Assume real root in limit

[proy87]

Limit(((x - 6)**(Integer(1)/3) + 2)/(x + 2),x,-2,'-').doit() returns -oo*sign(2+2*(-1)^(1/3)). How to make it real-valued?

[gschintgen]

This is independent of limit.

You can use real_root:
https://docs.sympy.org/1.5.1/modules/functions/elementary.html#sympy.functions.elementary.miscellaneous.real_root

In [1]: limit((real_root(x - 6, 3) + 2)/(x + 2), x, -2, '-')
Out[1]: 1/12

[proy87]

@gschintgen , got some weird answer for right-hand limit: limit((real_root(x - 6, 3) + 2)/(x + 2), x, -2, '+') is 2*Subs(Derivative(sign(_x - 8), _x), _x, 0) + 1/12

[gschintgen]

Manually rewriting the root does the trick:

In [6]: l = Limit((-(6 - x)**(Integer(1)/3) + 2)/(x + 2),x,-2,'-'); l
Out[6]:
      ⎛    3 _______⎞
      ⎜2 - ╲╱ 6 - x ⎟
 lim  ⎜─────────────⎟
x─→-2⁻⎝    x + 2    ⎠

In [7]: _.doit()
Out[7]: 1/12

So the piecewise expression returned by real_root is not quite amenable to all operations, in particular derviatives and sign don't seem to mix well.

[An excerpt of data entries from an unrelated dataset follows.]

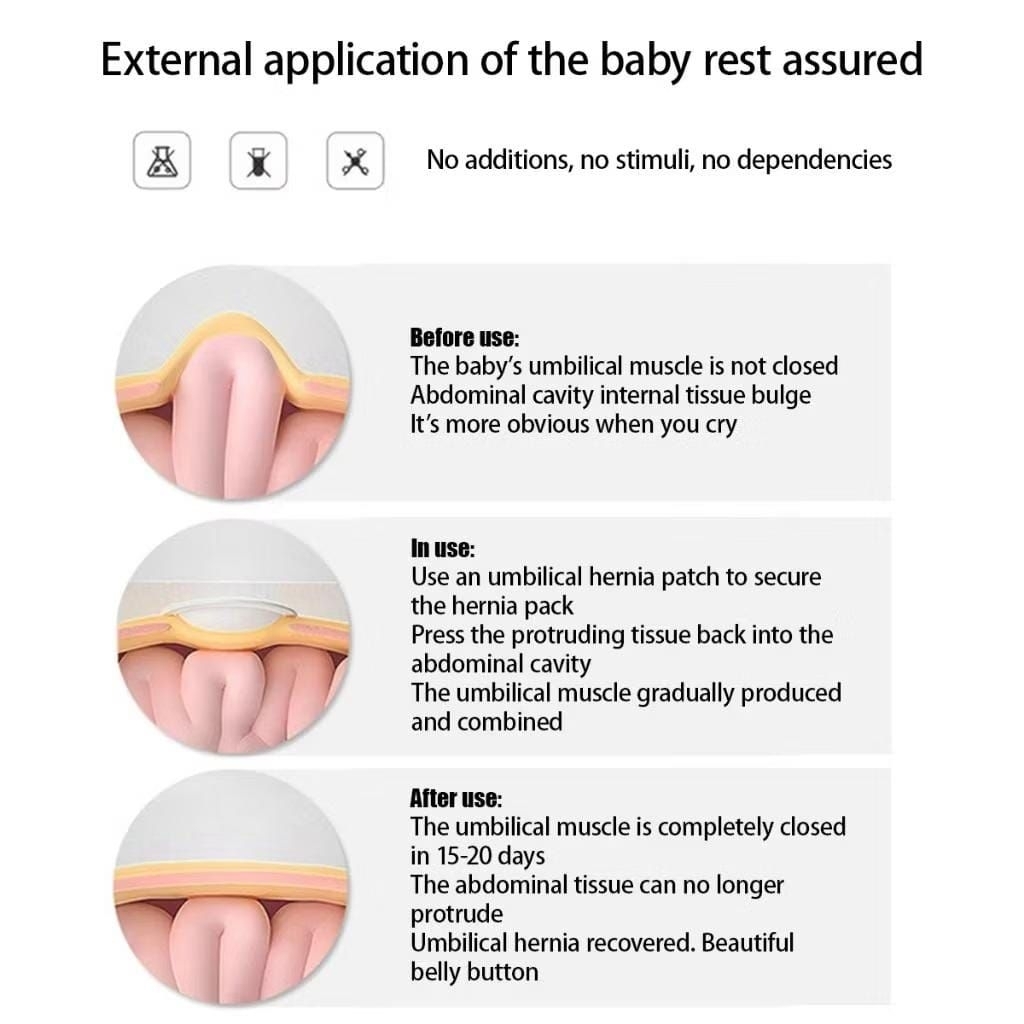 HERNIA ANAK PATCH / SABUK HERNIA / PUSAR BODONG ANAK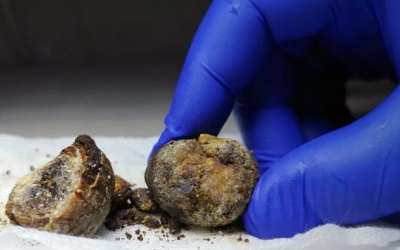 Tổng hợp một số câu hỏi về sỏi mật 2cm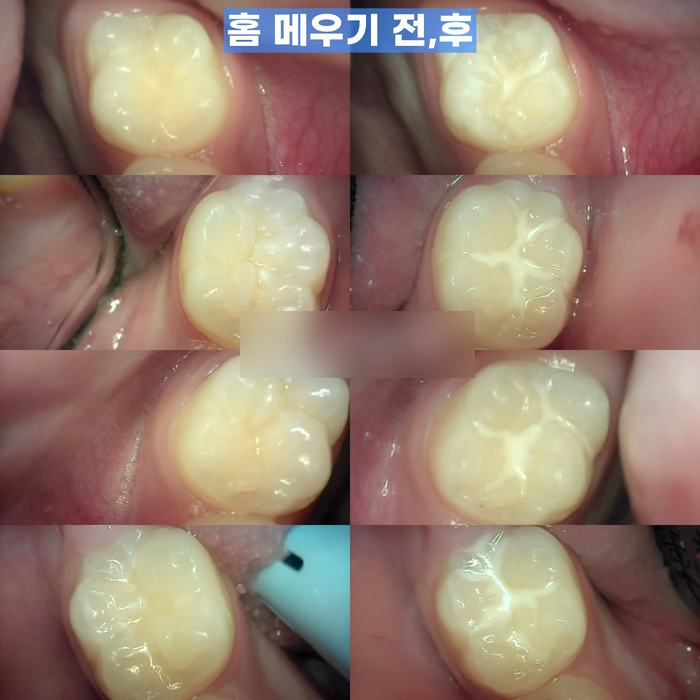 Treatment case image 9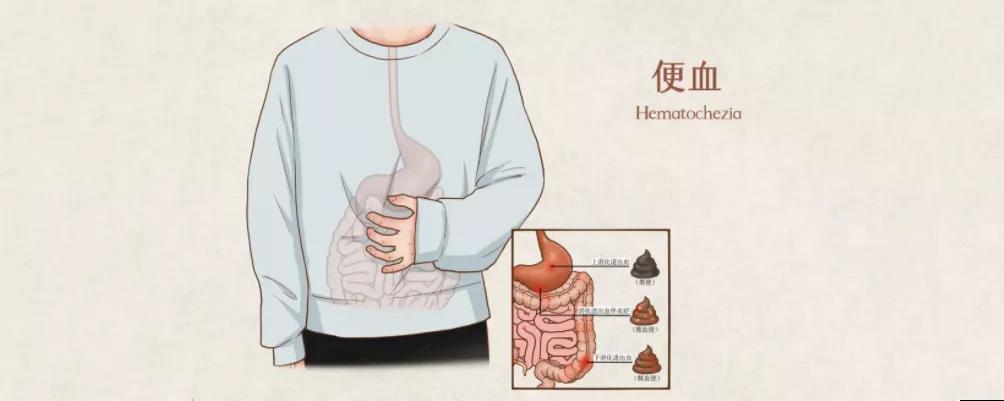 山西肛泰肛肠医院：大便出血就是痔疮吗？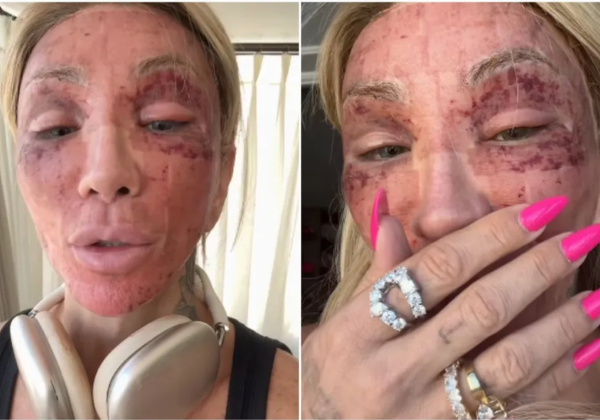 Maya Massafera mostra rosto inchado após peeling e choca fãs; veja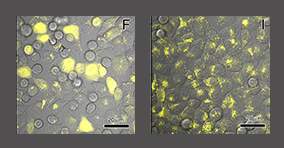 Ubiquitin, labeled with a fluorescent marker (yellow), has been successfully delivered into cells. It is viewed under a confocal fluorescence microscope at two different stages after the delivery process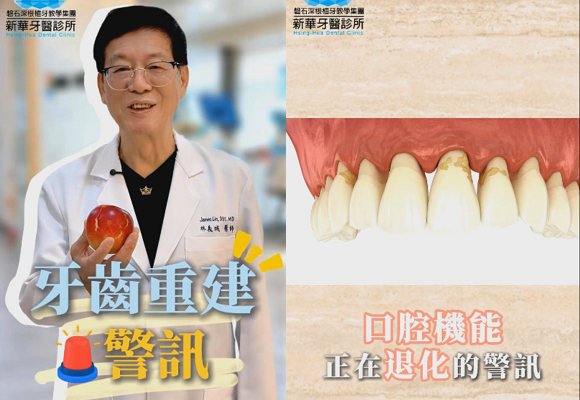 天吶！連蘋果都咬不動…我的牙齒到底怎麼了？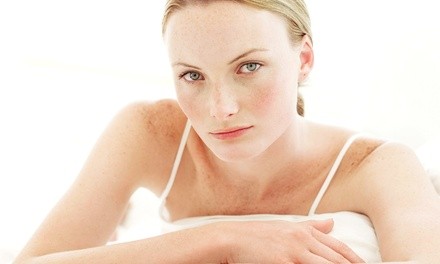 One, Two, or Three Skin-Tightening Lifts at Skin Body Lounge in Studio City (Up to 65% Off)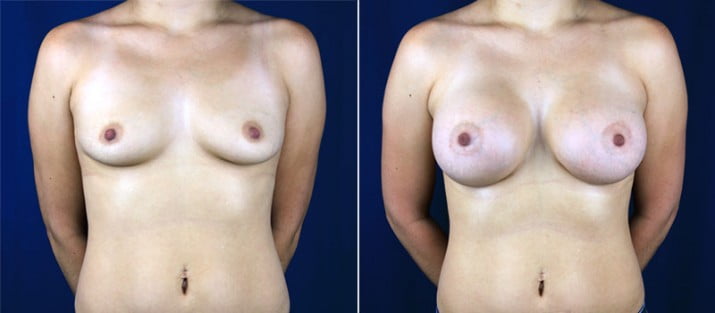 Breast Augmentation 26
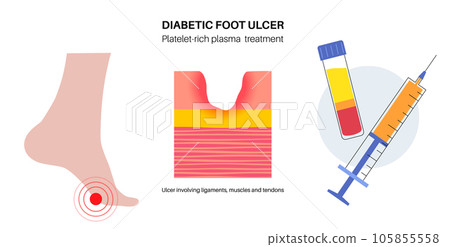 Diabetic Foot Ulcers 105855558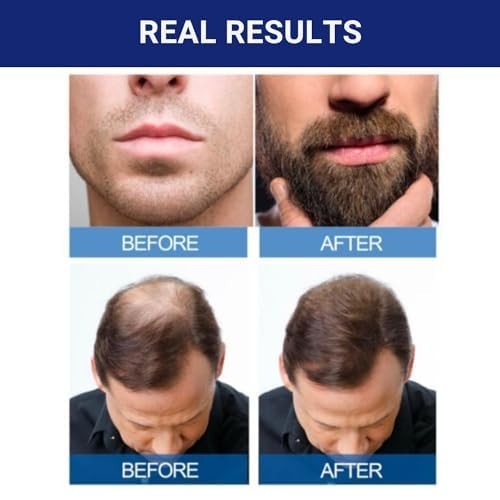 Men's 5% Minoxidil Hair Regrowth Treatment - 2oz with Easy Drop Application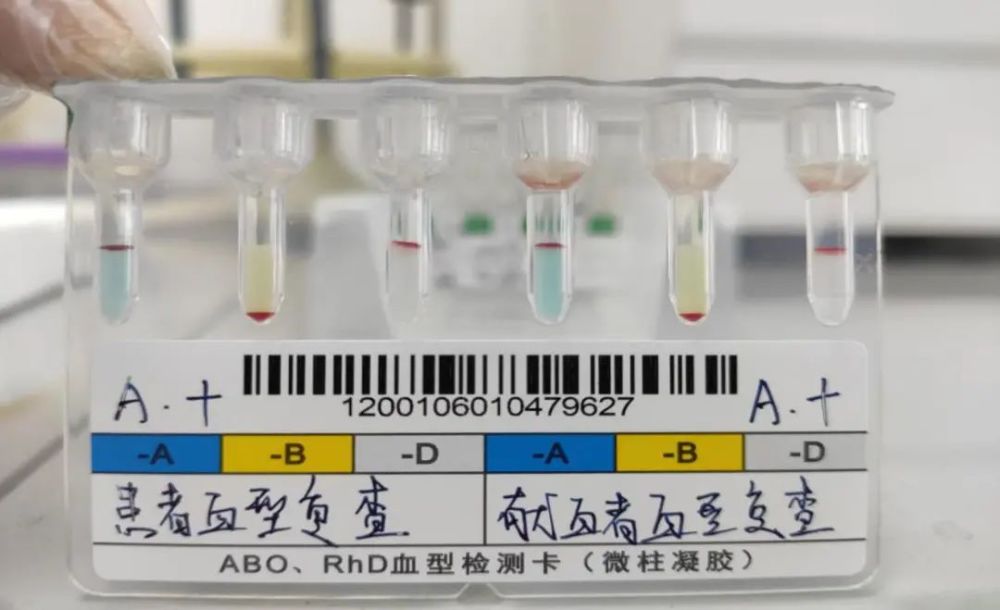 图2 交叉配血首查结果及复查结果回科室后询问了值班老师具体操作过程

For reference:

In [8]: real_root(x - 6, 3)
Out[8]:
⎧3 _________
⎪╲╱ │x - 6│ ⋅sign(x - 6)  for im(x) = 0
⎨
⎪       3 _______
⎩       ╲╱ x - 6            otherwise

I think the underlying issue is has to do with this: if x is real computing the diff is no problem:

In [16]: diff(sign(x-8))
Out[16]: 2⋅δ(x - 8)

In [17]: diff(sign(x-8)).subs(x, 0)
Out[17]: 0

But if I set x to be real before calling limit, this assumption is lost (or discarded on purpose?) when the Dummy in the diff.subs is created. And then we're left with the behavior for a general complex variable:

In [18]: diff(sign(y-8))
Out[18]:
d
──(sign(y - 8))
dy

In [19]: _.subs(y, 0)
Out[19]:
⎛d              ⎞│
⎜──(sign(y - 8))⎟│
⎝dy             ⎠│y=0

Since I'm not at all familiar with this part of the codebase that's as far as I'm going with this.

[gschintgen]

Also noteworthy:

In [26]: var('x', real=True)
Out[26]: x

In [27]: l = Limit((real_root(x - 6, 3) + 2)/(x + 2), x, -2, '+'); l
Out[27]:
      ⎛3 _________                ⎞
      ⎜╲╱ │x - 6│ ⋅sign(x - 6) + 2⎟
 lim  ⎜───────────────────────────⎟
x─→-2⁺⎝           x + 2           ⎠

A simple substitution of x = -2 would reveal that both abs and sign could be simplified even before the actual limit computation. But substitution is a dangerous idea in a limit computation, so I'm not sure if this will lead anywhere...

[proy87]

@gschintgen , thank you for the thorough answer.

[sachin-4099]

@gschintgen @jksuom Is there anything left to handle in this issue?

[gschintgen]

@gschintgen @jksuom Is there anything left to handle in this issue?

Yes, this:

In [1]: limit((real_root(x - 6, 3) + 2)/(x + 2), x, -2, '+')
Out[1]:
  ⎛d              ⎞│      1
2⋅⎜──(sign(x - 8))⎟│    + ──
  ⎝dx             ⎠│x=0   12

The first term shouldn't be there: it equals zero.
(Edit: same output if x is explicitly created with real=True.)